PCA Deployment Example
- Deployment
- Deployment enables you to apply existing PCA/PLS/MPLS/TMPCA/TMPLS models created from previous analyses, to new data in order to make further predictions. Although, with Statistica, you can save models in C\C++, Visual Basic, and PMML formats, it is only the latter language that can be used with the Deployment of the Multivariate Statistical Process Control or NIPALS (PCA/PLS) module.
In the PCA Example, the use of Statistica PCA is demonstrated using the real-world data set IndustrialEvaporator.sta for analyzing the evaporation process in drying a wet product. After numerous analyses and conclusion drawing, the PCA model is saved in PMML format for deployment. In this example, we will continue our analysis by using the model for making further predictions.
Open the IndustrialEvaporator.sta data file, and on the Statistics tab, in the Advanced/Multivariate group, click Advanced Models and select NIPALS to display the PCA/PLS dialog box.
Note that, alternatively, in the Advanced/Multivariate group, click PLS, PCA to display the Multivariate Statistical Process Control dialog box.

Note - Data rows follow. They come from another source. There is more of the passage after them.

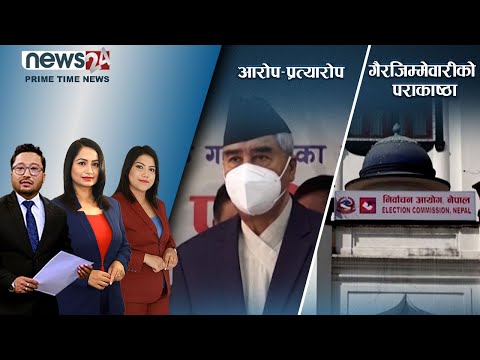 PRIME TIME NEWS_8 PM_2079_07_23- NEWS24 TV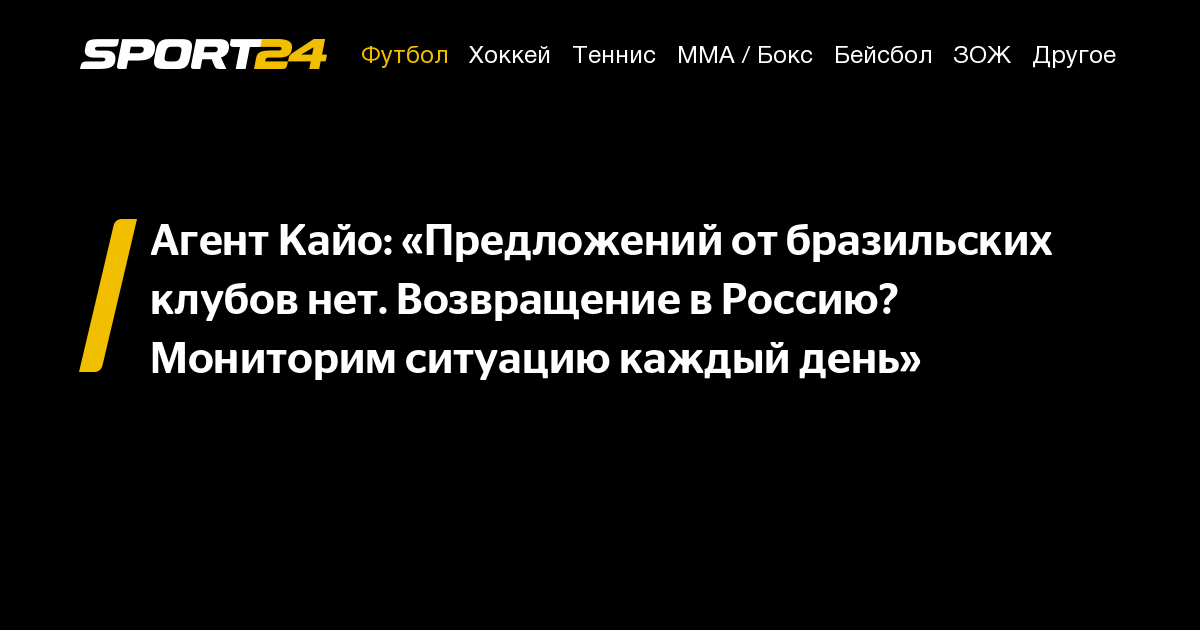 Агент Кайо: «Предложений от бразильских клубов нет. Возвращение в ...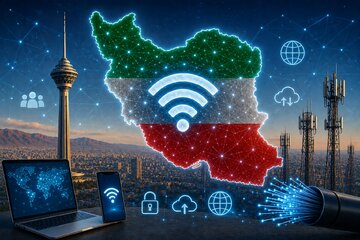 اینترنت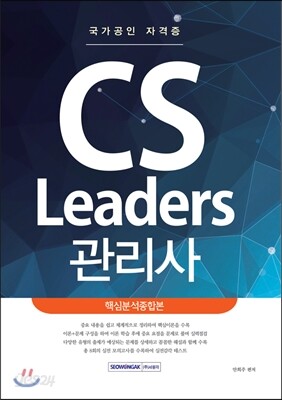 2016 국가공인 자격증 CS Leaders 관리사 핵심분석종합본
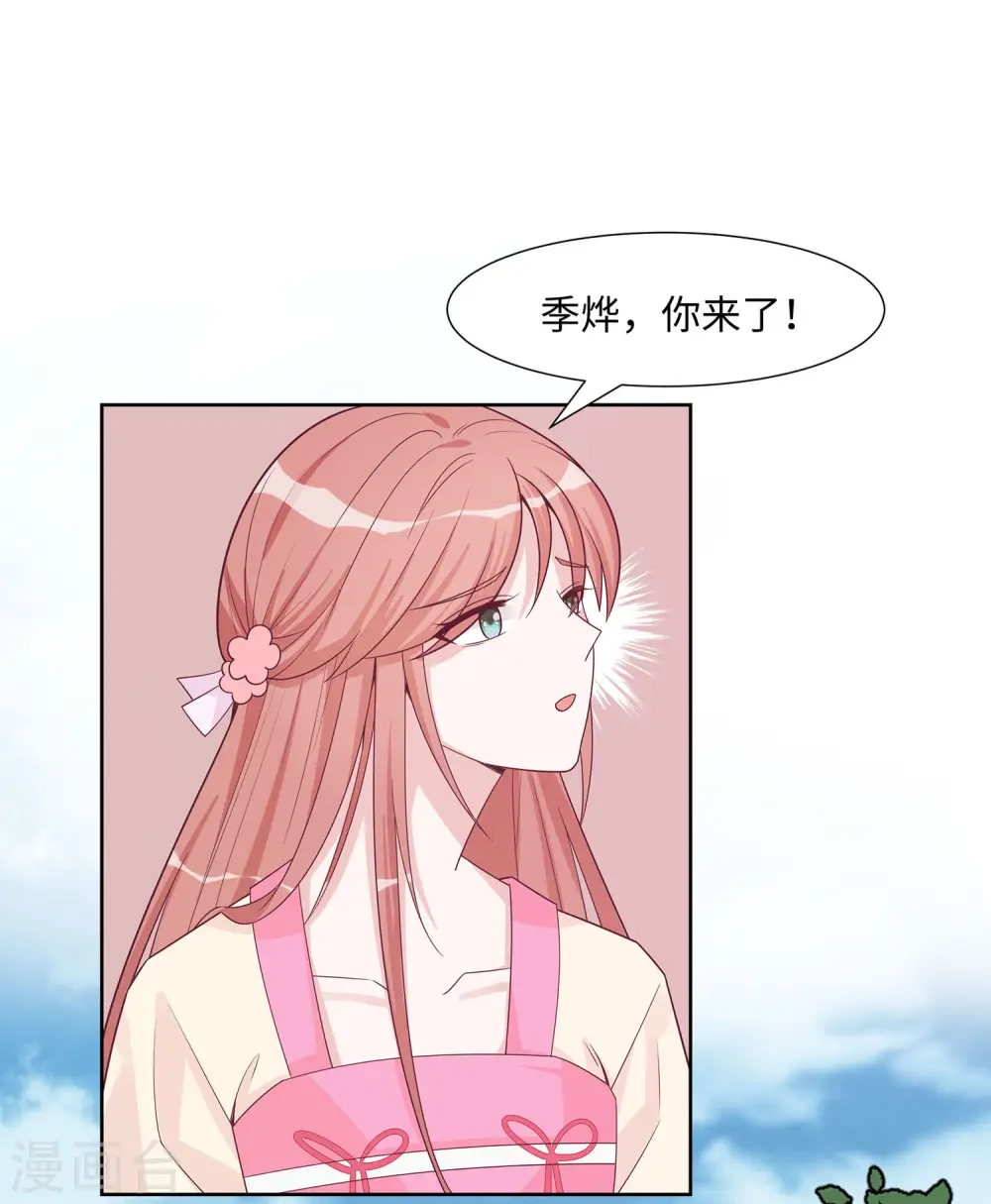 第59话 献药5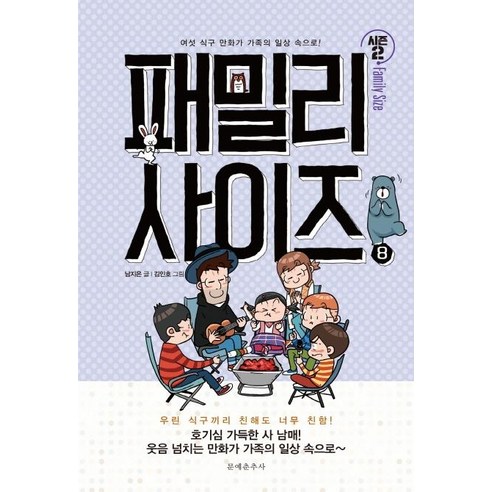 [문예춘추사]패밀리 사이즈 8 (시즌 2), 문예춘추사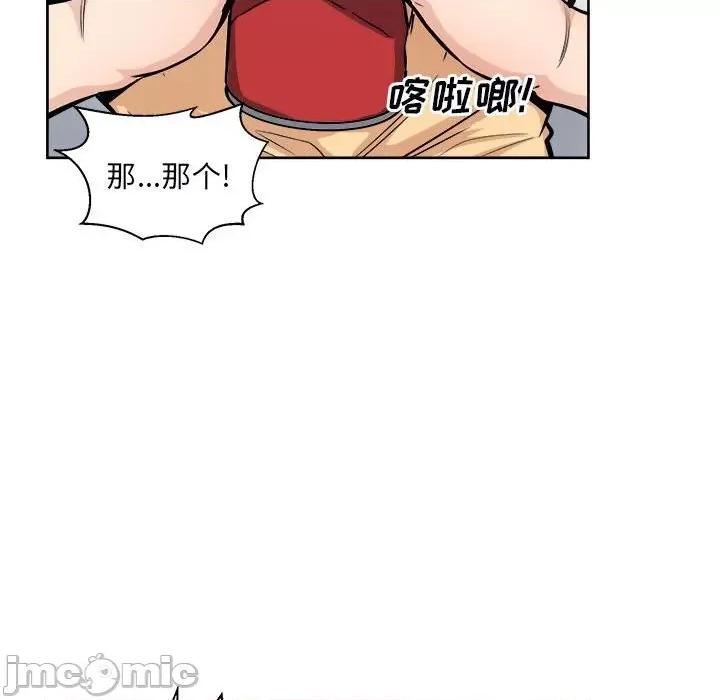 恶霸室友毋通来 最惨房东并不惨第 78 话 第65页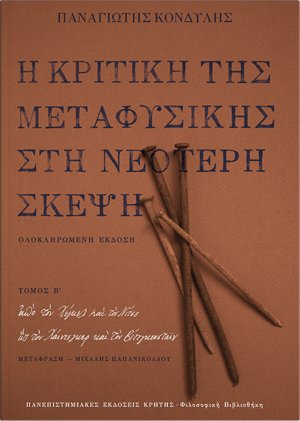 Η κριτική της μεταφυσικής στη νεότερη σκέψη Β ΤΟΜΟΣ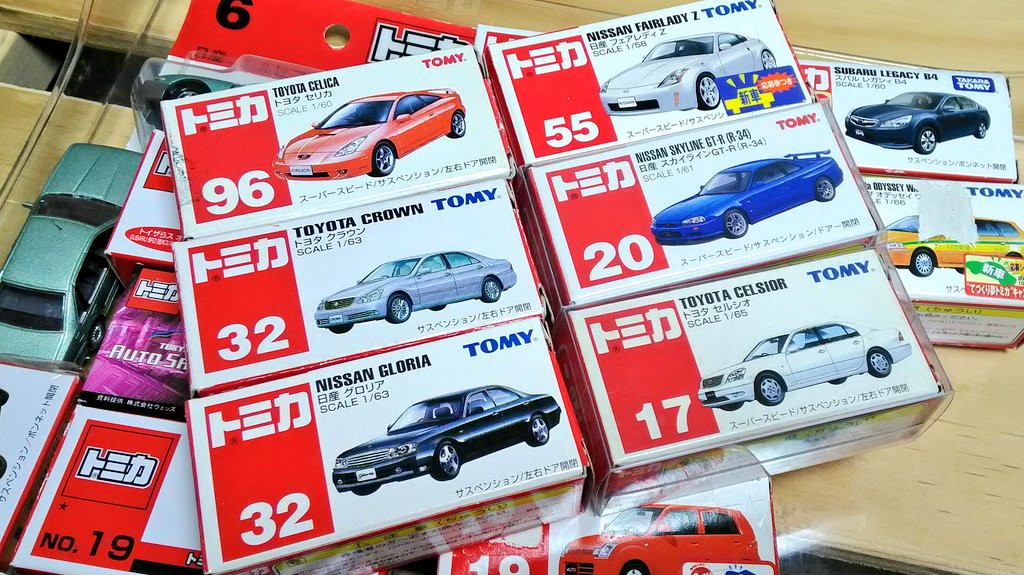 t*e様 8.177 ▲ マスコミトミカ レトロまとめてセット 希少 日本製 t*e様 8.177 △ マスコミトミカ レトロまとめてセット 希少 日本製 t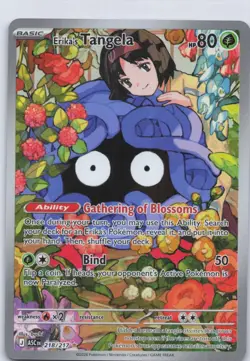 Erika's Tangela 218/217 Illustration Rare Ascended Heroes Pokemon Holo Near Mint - Image 1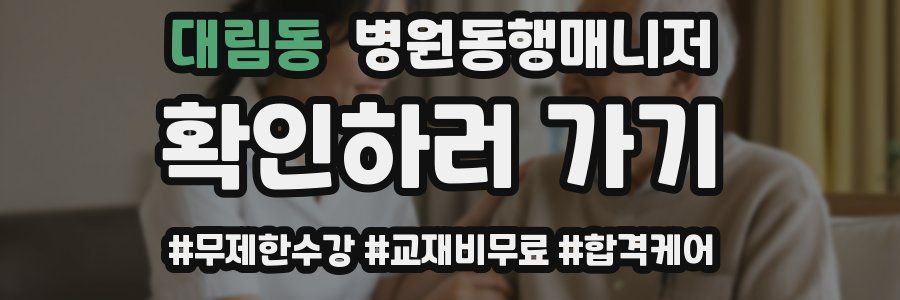 대림동 병원동행매니저 자격증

On the Quick tab of the PCA/PLS dialog box, select Deployment and click OK to display the Deployment Model dialog box.
On the Quick tab of the Multivariate Statistical Process Control dialog box, select MSPC Deployment to display the Deployment Model dialog box.
On the Quick tab, click the Load models button to display the Open PMML files dialog box. Select the PCA industrial evaporator.xml file (in a standard installation, located in C\Program Files\Statistica\Statistica *\Examples\Datasets), and click OK. Now you are ready to deploy the loaded model.
By default, variables have been specified via the PMML file and, as part of the model information, also includes the names of the variables that were used in its construction. Alternatively, you can click the Variables button to choose variables from the data set to which the model will be applied. In this example, we will use the default.
NOTE: You can load more than one file in a single analysis, in which case all models will be applied to the same data set one at a time (i.e., you can only generate results for the active mode). A model can be made active by selecting it from the Model drop-down menu on the Results tab.
Now you are ready to apply the PC (Principal Component) model to the current data file. First, you may want to review the model by generating a summary spreadsheet: on the Results tab, click the Model summary button.
Similarly, you can make predictions for the current data set by clicking the Predictions button in the Results group box on the Results tab.
You can also generate a spreadsheet of residuals by clicking the Residuals button. Residuals are the difference between the original data set and the predictions of the PC model. It is that part of the data that could not be explained by the model. Large values of residuals may indicate too simple a model (i.e., a model with an insufficient number of principal components). Alternatively, they might be an indication of the presence of outliers in the original data. The ability to detect outliers is a clear advantage of Principal Components Analysis that can be used for process monitoring and quality control in many areas of industrial research and production. See also, PCA and PLS Technical Notes.
In addition, there are a number of options that you can use to analyze your data further with the aid of the PC model. These options enable you to generate Hotelling T2 and SPE (Q) charts (see PCA and PLS Technical Notes for further details on these charts), which can be used for analyzing the data on a casewise basis. Note that case 18 has a particularly high value of T2, which might well indicate that it is an outlier.
You can also use the options in the Score control chart and summary group box to analyze the data set on a variable-wise basis. For more details, see the documentation for the PCA Results dialog box and the PCA Example.